▸ DATA PROVIDED:
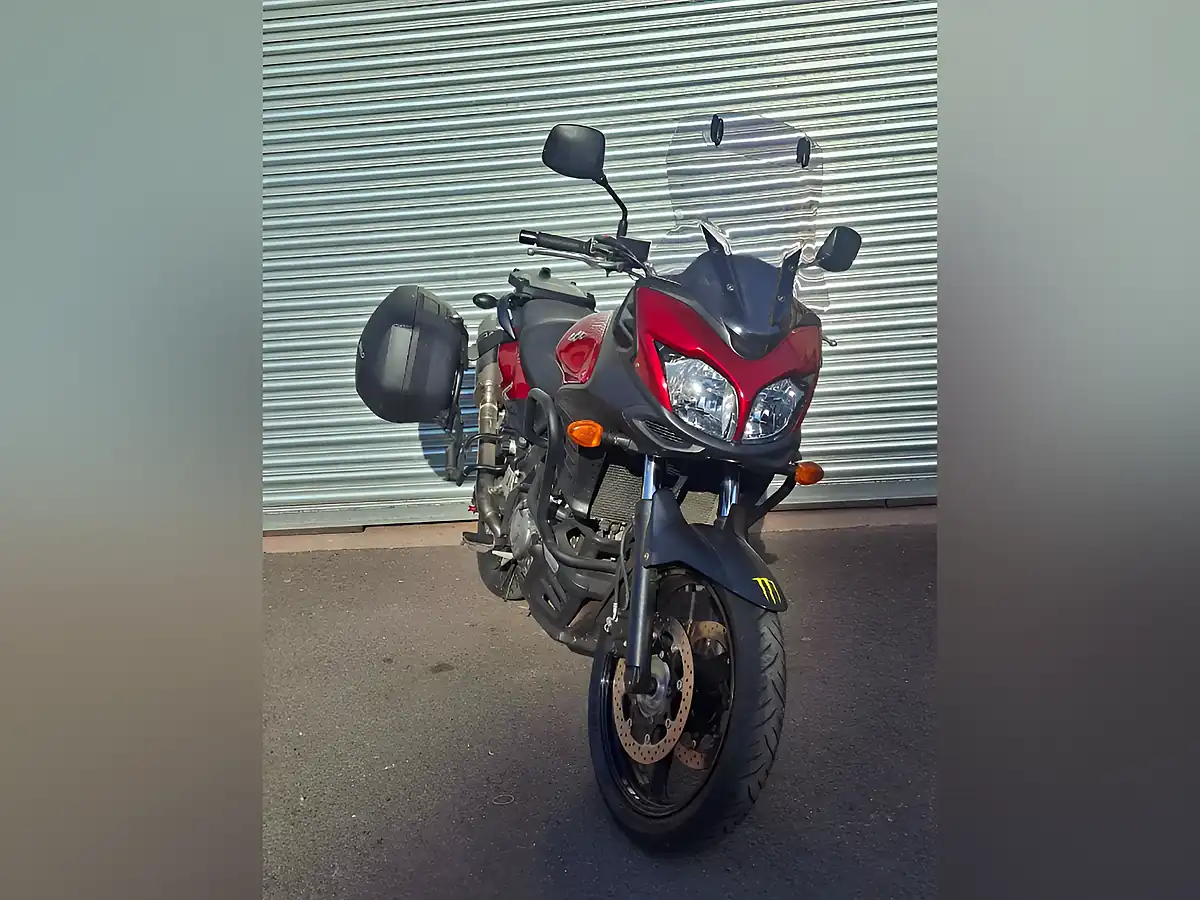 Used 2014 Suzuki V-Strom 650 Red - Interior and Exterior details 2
--
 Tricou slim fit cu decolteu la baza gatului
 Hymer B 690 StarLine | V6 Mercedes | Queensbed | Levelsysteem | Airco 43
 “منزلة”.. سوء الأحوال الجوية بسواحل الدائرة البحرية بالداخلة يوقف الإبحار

▸ EXERCISE PROMPT:
Beginning with the line that has "Tricou slim fit cu decolteu la baza gatului" and ending with the line that has "بالداخلة يوقف الإبحار", set down the lines above exactly and include no others.

▸ PROBLEM SOLUTION:
 Tricou slim fit cu decolteu la baza gatului
 Hymer B 690 StarLine | V6 Mercedes | Queensbed | Levelsysteem | Airco 43
 “منزلة”.. سوء الأحوال الجوية بسواحل الدائرة البحرية بالداخلة يوقف الإبحار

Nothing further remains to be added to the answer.